Batch updating content

Updating fields or manipulating files across a potentially large amount of content is a common task, in particular when working with an existing site. As Kirby does not use a database that would provide global search-and-replace operations, we have to work with loops that come with great flexibility but also certain limitations.

This recipe provides an extendable boilerplate route to comfortably update large amounts of content or files.

Whenever running batch operations on content, make sure to create a full backup first.

It all starts with a simple loop

Before addressing more advanced examples and related challenges, let's have a look at the barebone workflow:

// the collection of pages to update
$collection = site()->index(true);

// looping over each item in the collection
foreach($collection as $page) {

    // read the current value
    $oldValue = $page->content()->myfield()->value();

    // manipulate the value; e.g. add a prefix
    $newValue = 'Prefix ' . $oldValue;

    // update the content file
    $page->update([
        'myfield' => $newValue
    ]);

}

This loops through all pages of the entire site (the true boolean in index() includes drafts as well), adds a prefix to every page's field myfield and saves that to the file system.

Of course this could also be limited to any subset of pages, e.g. to specifically target all articles that are children of a hypothetical blog page:

$collection = page('blog')->childrenAndDrafts()->filterBy('template', 'article');

All that counts is that the $collection variable has to be a Pages collection.

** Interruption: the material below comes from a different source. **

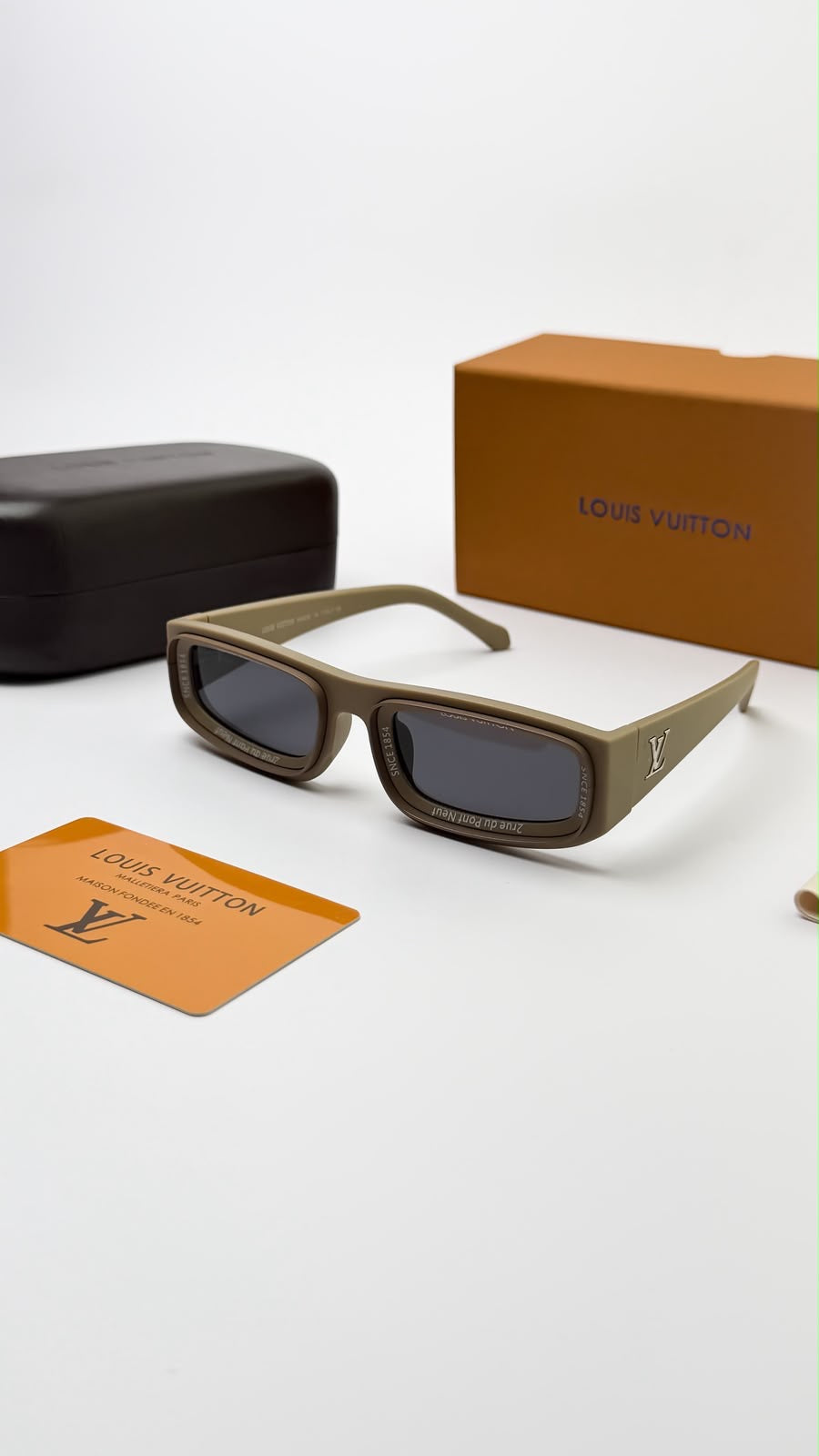 *LOUIS VUITTON BISCOF 6190🔥🔥🔥CHOCOLATE WITH BISCOF🔥🔥🔥*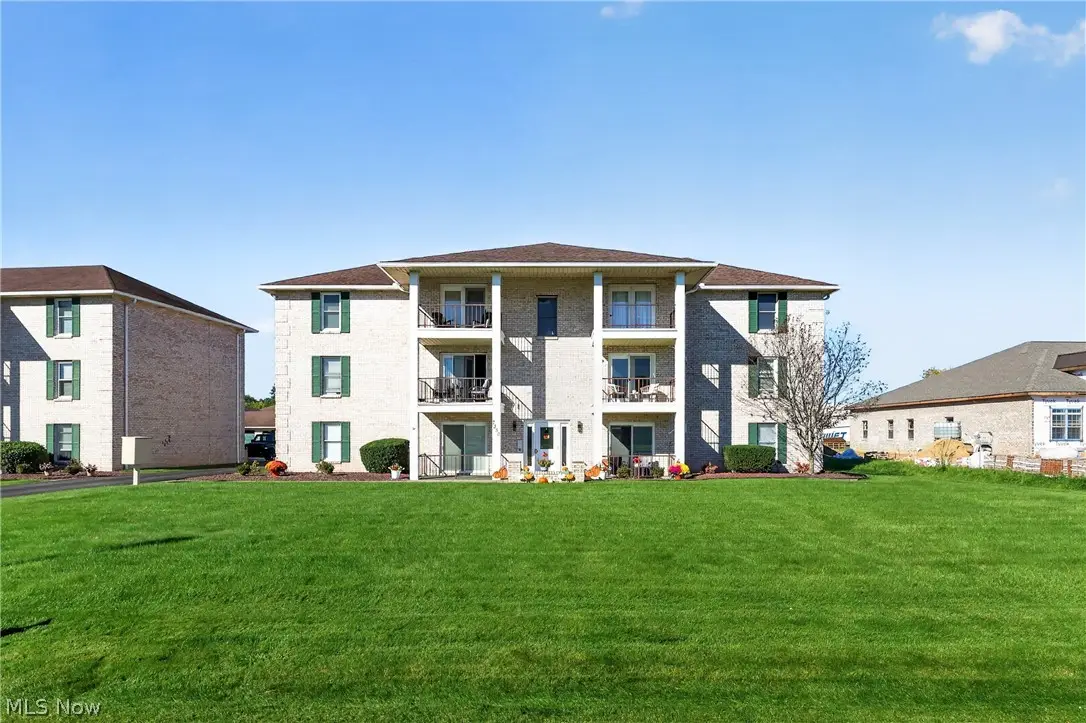7350 Eisenhower Drive #4, Youngstown, OH 44512 - #1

A (temporary) route to trigger the batch loop

While we could create a dedicated plugin for this purpose or temporarily hack it into a controller or template, a clean and easy way is to create a route in the site's config file:

/site/config.php

<?php

return [
    'routes' => [
        [
            'pattern' => 'batch-update-content',
            'action' => function () {

                // authorized personnel only
                if (kirby()->user() && kirby()->user()->isAdmin()) {

                    // defining the loop
                    $collection = site()->index(true);
                    foreach($collection as $page) {

                        // read, manipulate, update
                        $oldValue = $page->content()->myfield()->value();
                        $newValue = 'Prefix ' . $oldValue;
                        $page->update([
                            'myfield' => $newValue
                        ]);

                    }
                }
            }
        ],
    ]
];

Now our update loop can be triggered using the URL mydomain.com/batch-update-content. This includes a check to verify admin status; the route will fail unless logged in.

It is a good idea to delete or comment-out this route when done, to keep things clean and safe.

On multi-language sites, we have to specify a language both on read and write. $page->content()->myfield()->value() becomes $page->content('en')->myfield()->value() to retrieve the desired content, and $page->update(['myfield' => $newValue]) receives an additional second argument with the target language: $page->update(['myfield' => $newValue], 'en').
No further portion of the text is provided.